Books

An affair to remember

RAISING THE BAR Preeti Shenoy   | Photo Credit: Murthy and Pradeep

Having been among the top selling authors in India for a long time, Preeti Shenoy, repeatedly proves that she deserves to be there in the coveted list. A case in point is her latest offering, A Hundred Little Flames (Westland).

Different from her other six books, as she agrees, it delves into platonic love and child-parent relationship and tries to connect to with a mature reader. As always, Preeti brings in the romantic flavour and sustains it through two elderly people, who once were in love but got separated because of circumstances. “Most young readers say it transported them to a different world, and they began to look at their relationship with their parents in a new light,” remarks Preeti, adding, “with this book, I think I might have created a new readership of people who are in their forties and above.”

The book takes off with young Ayan losing his job and moving to Kerala to take care of his grandfather, Gopal Shanker. As the story unfolds, the latter’s past life, including his love for Rohini, comes to light. How they move apart to meet again after many years, which is opposed by Gopal’s children Jairaj and Shaila.

Preeti, interestingly, juxtaposes an era when affection was conveyed through letters with the present times when friends are made with the click of a button., She touches upon contemporary issues like ignoring the elderly and parents wanting children to toe their line without being preachy.

Excerpts:

On the book being different from her earlier ones

Yes, it is indeed very different from my earlier ones, mostly because it is literary fiction. I always try and do something different with each of my novels. All my novels deal with very different subjects. Though there is a central theme of relationships running across all my books, each one is unique in terms of core subject. I think it is important to grow, and I do believe I better myself with each book. Hence it is a natural progression for me.

On the book focussing on platonic love, generally unheard of today

Platonic relationships do very much exist. It is indeed possible for a man and a woman to be friends, and to love each other, without jumping into bed. The debate of whether a man and a woman can be ‘just friends’ is very old and eternal. Movies like When Harry Met Sally and our own Bollywood films have explored this theme over and over. I see so many guys and girls who are good friends, and nothing more. I do not see it as ‘rare’.

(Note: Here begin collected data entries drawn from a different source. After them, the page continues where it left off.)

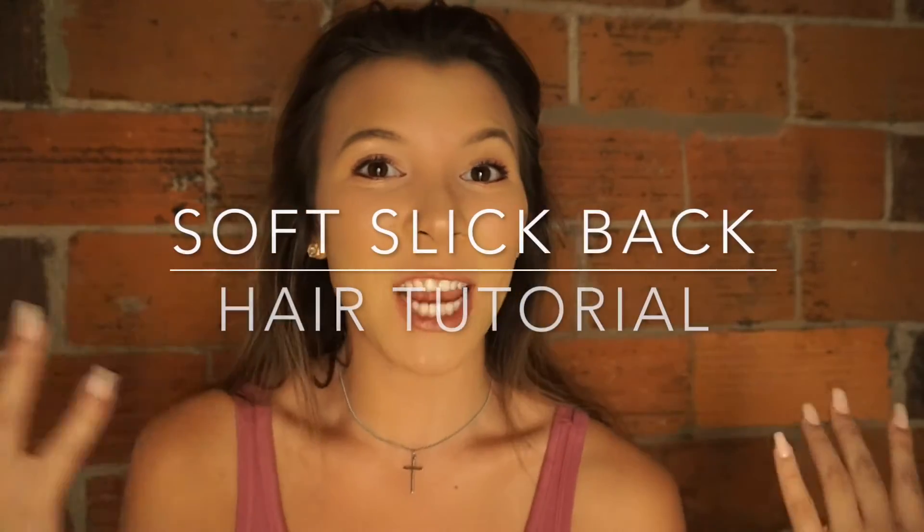Hey guys and welcome back to my channel. Today we're going to do this hair look right here. It seriously took me maybe two minutes tops, not even that. I wanted to mix it up a little bit. I've been doing so many makeup videos lately and I wanted to hit you with a hair video — something that was sleek, fun, and different. So if you want to see how to get this slick back look, then please keep on watching.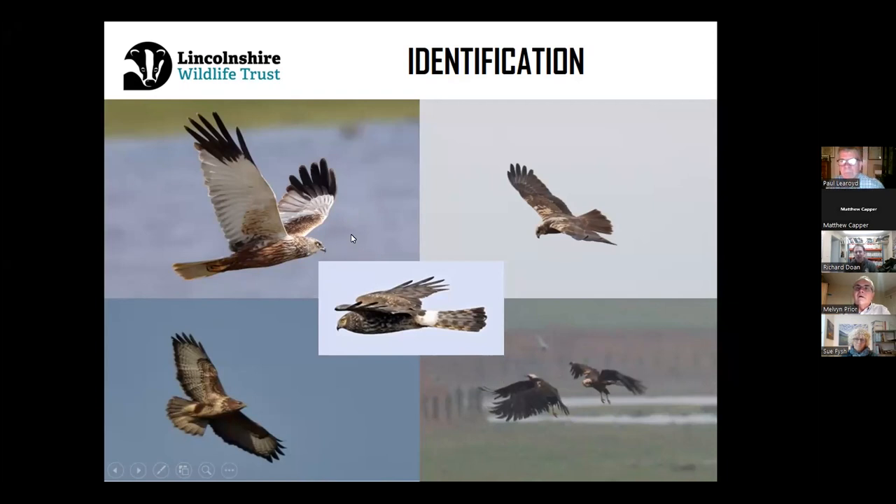For the keen-eyed people on the call, you might notice there are actually three species of bird of prey on this slide. In the middle we have the hen harrier. You might have heard the phrase 'ring tail' — this refers to the lovely white band around the base of the tail, a feature of both male and female hen harriers. Hen harriers tend to be much narrower winged, much more delicate and flamboyant, with marsh harriers being quite a broad-winged, powerful harrier in comparison.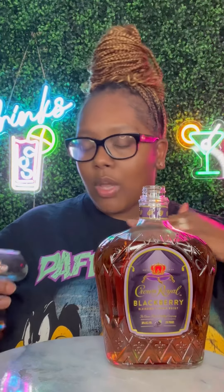It's Crown Peach, and Crown Apple is under Crown Peach, so I'ma have to put this right under the Crown Peach and then put the Crown Apple. Don't tussle, I know y'all love Crown Apple. That Crown Apple and that Crown Peach, that was for the ladies. This Crown Blackberry, this is for the fellas, y'all.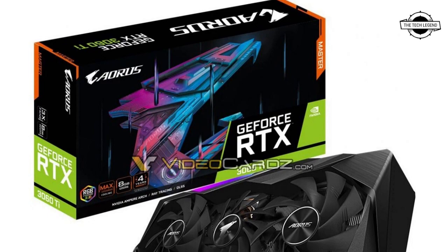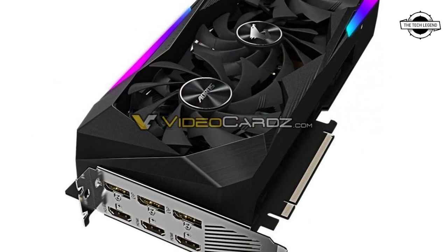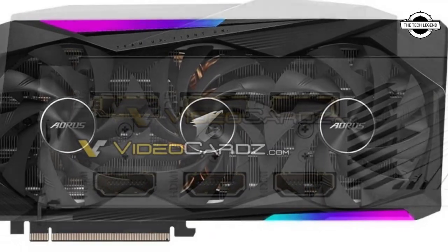The display output setup includes three DisplayPort 1.4a and HDMI 2.1 connectors. The cooler features two aluminum fin stacks ventilated by a trio of fans, where the middle fan is offset and overlapped by the other two fans.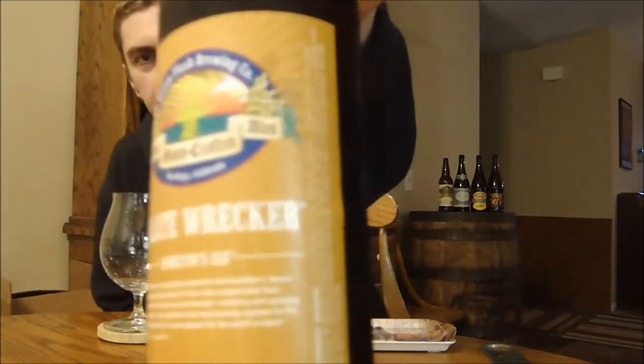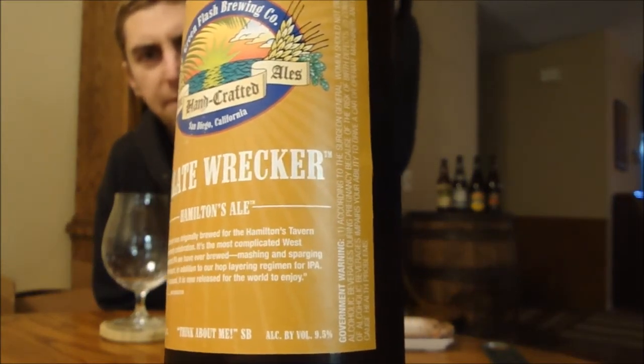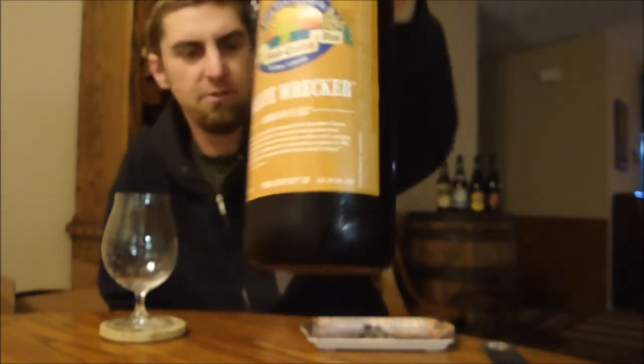We're going to be looking at another new beer from Green Flash. This is Pallet Wrecker. What I mean by new is this is the first time they've ever bottled Pallet Wrecker — this has been a draft-only beer.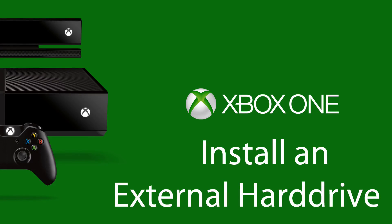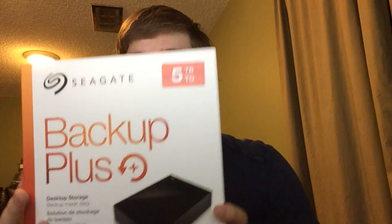Hi, we're taking a look at how to install an external hard drive. A while back I did a video installing my 3TB external hard drive for Xbox One. I'm going to show the process on the new dashboard — it should be largely the same, but a little bit different.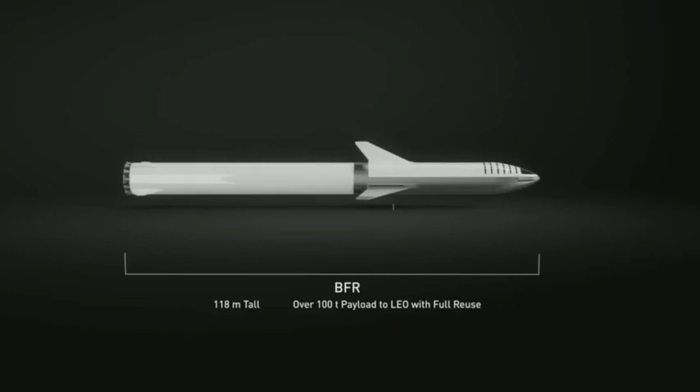Overall, it is 118 meters long. The payload is still similar — it's about a hundred metric tons. That's a hundred metric tons all the way to Mars because of orbital refueling, or orbital re-tanking. So VFR is designed to be able to take a hundred tons all the way to the surface of Mars.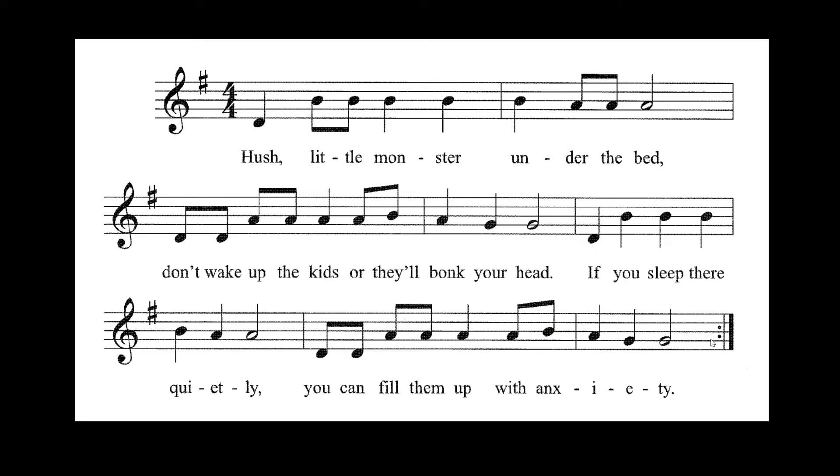Excellent. Now you get to note name on your own. One, take, two, take — note name, here you go.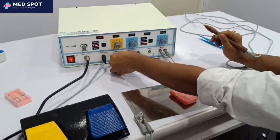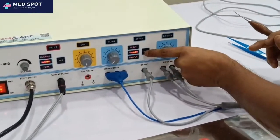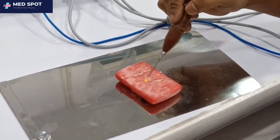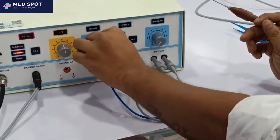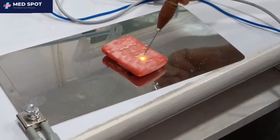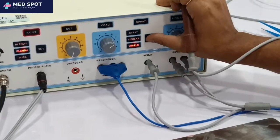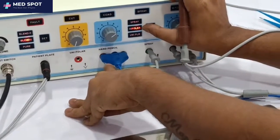Now we are using the spray. First, you need to switch the connector from the unipolar port to the spray port, then press the spray button. Then you can use coag through the spray. Now to switch to bipolar, press the bipolar button — we were using it in unipolar, now it is in bipolar mode.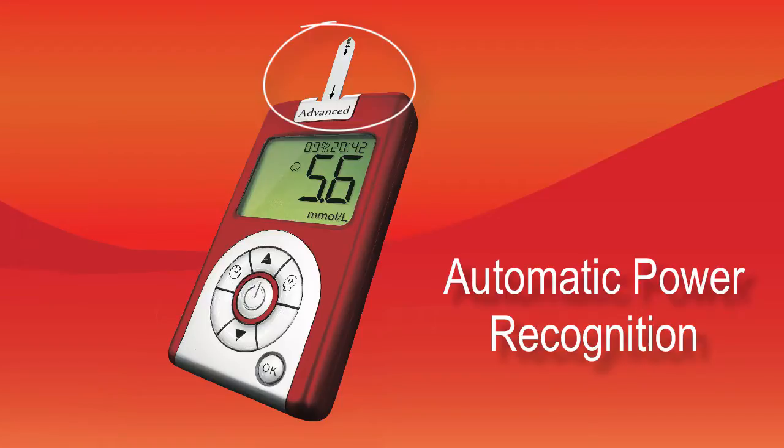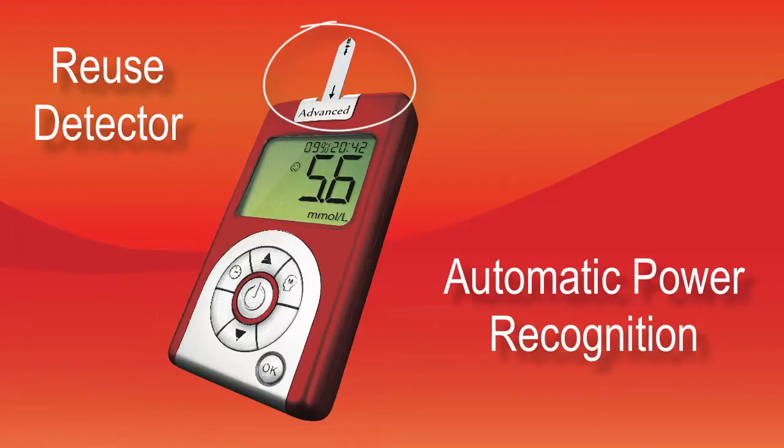The iCare Meter can also detect if you accidentally reuse a strip, to ensure actual results every time. The iCare test strips are code-free, which means you get accurate results without the extra work of entering a code into the meter. Fewer steps means fewer errors.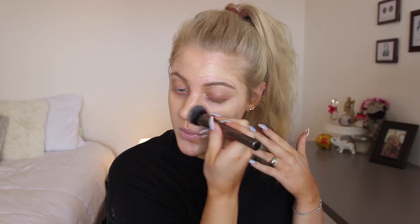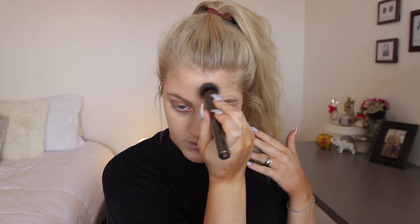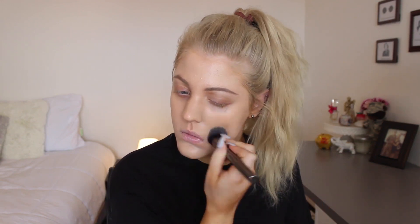Now let's do the other side with a brush. This brush is the Morphe G6, which is just a flat top brush. This foundation is probably the easiest application foundation that I own. Here is what it looks like with the brush — I think they look pretty much identical, but the brush was a lot faster and I think it gives a bit more coverage. So I'm just going to add a little bit more coverage on that side.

On the main protagonists, Gopal Shanker and Rohini and their ‘unique’ relationship

I would like the reader to interpret the character the way they see it. To many, Rohini seems almost like a Goddess, yet I had not constructed her that way. I felt she was human with all her faults, much like any of us. Gopal Shanker is principled, stubborn and once he gives his word, he keeps it. That is his strength as well as his weakness, which alone makes him a complex character. As to their relationship, there is a question in the book, where Rohini asks Gopal: ‘If we were two women meeting, would the society have any objections?’ I think that one line speaks volumes.

On parents like Gopal Shanker, being treated harshly by children as depicted through Jairaj and Shaila in the story

Jairaj did support Gopal Shanker, when the police came to investigate. Shaila is not a bad daughter. She didn’t ill-treat Gopal Shanker. Her misplaced anger, when she was younger was against Rohini. She had also just lost her mother, and a person who is going through that grieving process will naturally lash out. Also Jairaj instructed Velu to keep a close watch on Gopal Shanker’s health. So to say that they treated Gopal Shanker harshly would be a one-sided view. The reader might feel that, no doubt, as they empathise with Gopal Shanker but Shaila and Jairaj have their reasons. As humans, all of us have faults.

On the attitude of couples towards their elderly parents

I think a lot of couples ‘use’ their elderly parents as baby-sitters which is sad. The couple is a working couple and rather than send the child to a crèche, the responsibility of looking after the toddlers is given to the grandparents. Many spoke to me on the condition of anonymity and said they disliked it, but they fear speaking out. So the ‘looking after parents’ which exists today, is tinged with selfishness.

On Ayan revolting against his father and deciding to pursue his passion for painting

Ayan has been submissive all his life. He finally puts his foot down to stand up for himself. I do not see anything as ‘right’ or ‘wrong’. To do so would be to sit in judgement of another’s action. If you keep pushing people, and they do not push back. they will finally reach an exploding point, which is what happened to Ayan.

I think it is very important to do things that give you joy. Though Ayan had a corporate job, he was never fit for it. He was doing it, as he was forced to. Most people are risk-averse, preferring to be conventional when it comes to career choice. There also might be financial constraints, and there might be parental pressure too. Hence not everyone does what they truly want, and are stuck in jobs which they do not find joy out of. They know no way to get out, and the wheels of time keep rolling.

On setting the narrative in Kerala

I am from Kerala. My mother lives in Kerala, in a tiny village like Poongavanam. Kerala is very much a part of me, as I spent every summer vacation, in my grandfather’s house, which was like Thekke Madom. I have drawn a lot from my personal experiences, and from observations. My love-affair with Kerala continues to this day, and this book is a tribute to a thousand cherished memories that I hold like a treasure within my heart.